I have a general questions about data volumes and database services.
I noticed in a docker-compose that none of the databases had volumes for data files.
We are using mysql, kafka, aerospike, redis, and rabbitmq.
I saw a performance win I after I added the volumes. I am running a QE automation tests that bring up dockerized mysql, kafka, aerospike, redis, and rabbitmq.
e.g.
volumes:
- percona-shared:/shared
- percona-mysql:/var/lib/mysql
The tests finished faster with the data volumes.
Question: Is it more performant to use volumes for database services? If you don’t use volumes the data is basically in memory?
If no volume is mapped against a container path, then the data is written into the ephemeral container filesystem. Depending on the storage driver, this can be a full copy of the previous layer + the new date, or just new data in the write layer of the container filesystem. If the container is deleted, its filesystem is deleted as well - it is not suitable for persistent data that should survive re-creation of container (e.g. when you deploy a new container based on the new image of the same repo)

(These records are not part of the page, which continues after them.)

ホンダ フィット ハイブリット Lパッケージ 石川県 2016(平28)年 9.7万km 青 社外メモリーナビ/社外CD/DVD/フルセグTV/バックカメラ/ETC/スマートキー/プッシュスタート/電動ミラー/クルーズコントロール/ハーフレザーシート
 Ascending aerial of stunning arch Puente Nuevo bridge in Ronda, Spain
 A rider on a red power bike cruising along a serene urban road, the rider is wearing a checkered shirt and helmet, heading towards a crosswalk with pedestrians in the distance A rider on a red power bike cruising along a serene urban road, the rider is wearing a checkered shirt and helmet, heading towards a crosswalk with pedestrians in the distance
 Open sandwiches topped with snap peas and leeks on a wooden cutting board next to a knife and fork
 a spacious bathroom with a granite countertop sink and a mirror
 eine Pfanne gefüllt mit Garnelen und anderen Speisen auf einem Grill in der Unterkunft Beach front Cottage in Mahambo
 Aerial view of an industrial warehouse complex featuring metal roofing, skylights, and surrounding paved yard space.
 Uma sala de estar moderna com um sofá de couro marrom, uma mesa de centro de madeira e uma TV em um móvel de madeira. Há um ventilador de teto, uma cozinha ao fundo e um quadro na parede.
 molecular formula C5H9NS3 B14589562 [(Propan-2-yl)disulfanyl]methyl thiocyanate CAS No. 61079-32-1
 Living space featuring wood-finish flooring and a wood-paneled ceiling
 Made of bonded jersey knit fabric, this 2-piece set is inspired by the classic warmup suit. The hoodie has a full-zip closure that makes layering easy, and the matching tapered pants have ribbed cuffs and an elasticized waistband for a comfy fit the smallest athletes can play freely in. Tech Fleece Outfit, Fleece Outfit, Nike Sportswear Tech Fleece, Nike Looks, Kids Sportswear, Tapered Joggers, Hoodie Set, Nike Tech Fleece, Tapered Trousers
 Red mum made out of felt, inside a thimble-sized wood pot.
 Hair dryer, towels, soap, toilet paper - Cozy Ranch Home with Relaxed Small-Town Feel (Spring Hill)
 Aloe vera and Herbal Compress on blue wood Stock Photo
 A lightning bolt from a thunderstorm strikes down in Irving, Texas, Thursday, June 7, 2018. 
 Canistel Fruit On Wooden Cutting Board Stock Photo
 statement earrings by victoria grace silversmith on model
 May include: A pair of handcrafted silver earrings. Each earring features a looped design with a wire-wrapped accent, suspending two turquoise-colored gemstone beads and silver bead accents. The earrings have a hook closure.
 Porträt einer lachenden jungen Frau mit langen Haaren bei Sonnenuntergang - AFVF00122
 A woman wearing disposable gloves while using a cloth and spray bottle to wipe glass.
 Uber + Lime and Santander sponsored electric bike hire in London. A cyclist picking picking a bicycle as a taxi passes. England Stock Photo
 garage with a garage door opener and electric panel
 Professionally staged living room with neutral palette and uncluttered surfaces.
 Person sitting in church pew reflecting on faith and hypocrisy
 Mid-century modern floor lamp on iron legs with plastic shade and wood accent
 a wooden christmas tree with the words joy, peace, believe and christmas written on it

A volume without any declaration on the other hand is nothing else than a docker managed path in the filesystem them gets bind mounted into the container filesystem. Of course this is going to be faster.
You could also declare a volume with the tempfs type, which then would indeed be in memory.
Ok volume w/o declaration is an anonymous volume.
new question
performance between anonymous volume and ephemeral filesystem. Which is faster? I take it the anonymous volume. I will run a test.
I forget to mention that if a path inside a container is declared as VOLUME, then if no volume is mapped against that folder an anonymous volume will be used - which behaves exactly like a default named volume, just with the difference that the name consists of random alphanumeric characters.
A volume (=storage from outside the container filesystem) is mounted into a path of the container filesystem. So whatever is written into that path is written outside the container.
I don’t understand what you try to tell me with fast and slower, as both use whatever filesystem is mounted in /var/lib/docker, but the container filesystem has a storage driver on top of. It doesn’t make sense the volume that directly writes on the host filesystem should be slower than a storage driver that writes on the host filesystem.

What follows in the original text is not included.